WHAT YOU HAVE TO DO ▸ Output exactly, and only, the stretch of lines beginning at the line with "A neatly arranged" and ending at the last line of the listing below. Drop the pictures.

**** DATA BELOW

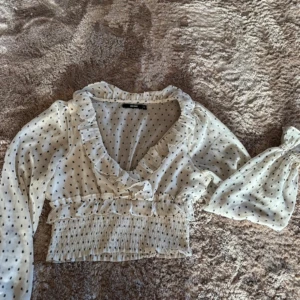 Vit blus med volang  - Supersöt vit blus från Bik Bok med svarta prickar, volangkant längs v-ringningen och ärmarna och smockad midja. Långa ärmar och lätt transparent material. Perfekt att styla med jeans eller kjol!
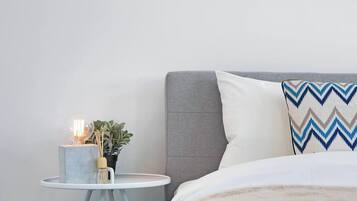A neatly arranged bedroom with a grey headboard, a white pillow with a zigzag pattern, a bedside table with a lamp, and a small potted plant.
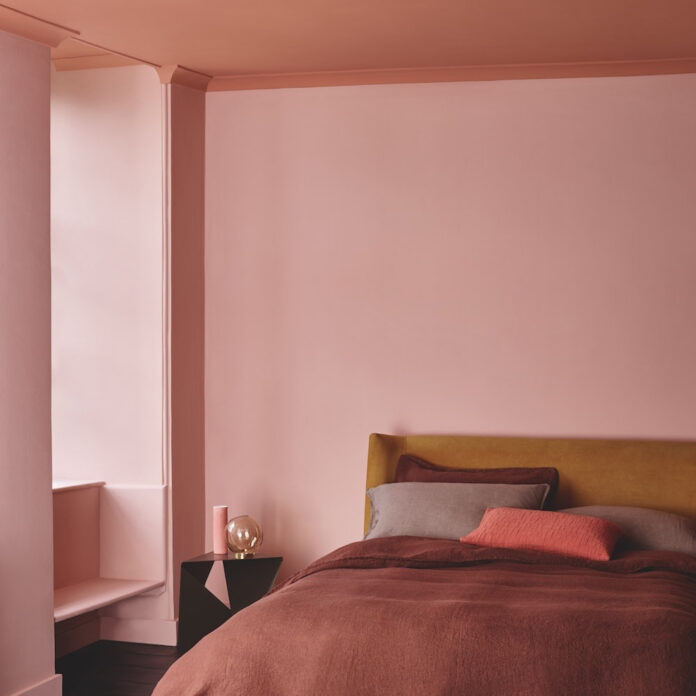 Pink and coral painted bedroom with painted ceiling. With ochre headboard and terracotta bedlinen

********

RESPONSE TO THIS EXERCISE ▸
A neatly arranged bedroom with a grey headboard, a white pillow with a zigzag pattern, a bedside table with a lamp, and a small potted plant.
 Pink and coral painted bedroom with painted ceiling. With ochre headboard and terracotta bedlinen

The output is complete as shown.